Connecticut radio station involved in signal dispute with Long Island broadcast outlet

From left, Archbishop Leonard P. Blair; Tom Ray, WJMJ broadcast engineer; the Rev. John Gatzak, general manager of WJMJ Radio; and Michael Graziano, WJMJ chief engineer, in 2018.

A pair of FM radio stations — one in Connecticut, the other on Long Island — are embroiled in a dispute over the signal of one of the broadcast outlets interfering with the other.

WJMJ, which is owned by the Archdiocese of Hartford, recently shifted the height and dial position of an FM translator the radio station has in Hamden. An FM translator repeats the broadcast signal of the originating station, thereby allowing it to reach a wider audience than it would get otherwise.

For a non-commercial, listener-supported station like WJMJ, a wider audience translates into more potential donors. So with that in mind, the station earlier this month raised the height of its FM translator from 20 feet up on the WKCI-FM radio tower on Gaylord Mountain Road in Hamden to 460 feet, said Tom Ray, WJMJ’s transmitter engineer.

Prior to increasing the height of the FM translator, WJMJ had been heard on 93.1 on the FM dial in the New Haven area. Along with the change in height of the WJMJ translator, the station moved to 92.9 FM in New Haven area.

The changes resulted in listeners of WEHM on both sides of Long Island Sound being unable to hear that station because of interference from WJMJ’s signal, said Stefan Rybak, managing director of Long Island Radio Broadcasting, which owns the New York station. WEHM also broadcasts at 92.9 FM.

“Last week, we started getting inundated with phone calls and emails, not only from listeners in southern Connecticut, but from those on the north shore of Long Island as well,” Rybak said. “This station enjoys quite a loyal and dedicated listenership because of the format that we have.”

WEHM has what is known in the radio industry as an adult album alternative format. It is a format not in wide use on either Long Island or in Connecticut, according to Scott Fybush, a principal of Fybush Media, a Rochester, N.Y.-based broadcast consulting group.

WEHM listeners weren’t the only ones complaining about interference with the station’s signal by WJMJ, said Bud Williamson, an engineer with Long Island Radio Broadcasting.

“We've gotten phone calls from (WEHM) advertisers on the north shore of Long Island,” Williamson said. “More than one of them has said to us, ‘Your signal is getting interfered with, what are you going to do about it?’”

To appease listeners and advertisers whose commercials may not being reaching WEHM’s maximum audience, Long Island Radio Broadcasting officials are looking to resolve the problem as quickly as possible. Rybak said he would prefer to resolve the matter with the two stations working together rather than having to file a formal complaint with the Federal Communications Commission.
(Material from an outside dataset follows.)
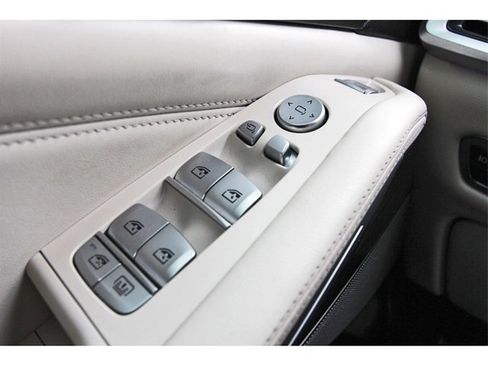 Used 2022 BMW X7 M50i w/ Luxury Seating Package image 21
“We've tried nicely to communicate with them, but they’ve asked us to file a formal complaint,” Rybak said of WJMJ. “What that means is that both stations are going to spend a lot of money, but in the end, they are not going to win.”

Ray says officials with WJMJ have no ill will toward WEHM.

“We’re the people who changed the neighborhood,” he said “There are a lot of ways this can be remedied, but in order for us to do that, we have to define the problem. And in order to do that, we have to see where their complaints are coming from.”

Rybak said that if WEHM is forced to file a formal complaint with the FCC, it will file information from more than 50 listeners detailing when they experienced the interference with the station’s signal, what type of radio they were using to listen to broadcast and other details.

“He’s going to be pretty busy,” Ryback said of Ray investigating the listener complaints.

Fybush said the way the FCC complaint process works, the station that is being accused of signal interference has the right to contact and question any listener that has filed a complaint.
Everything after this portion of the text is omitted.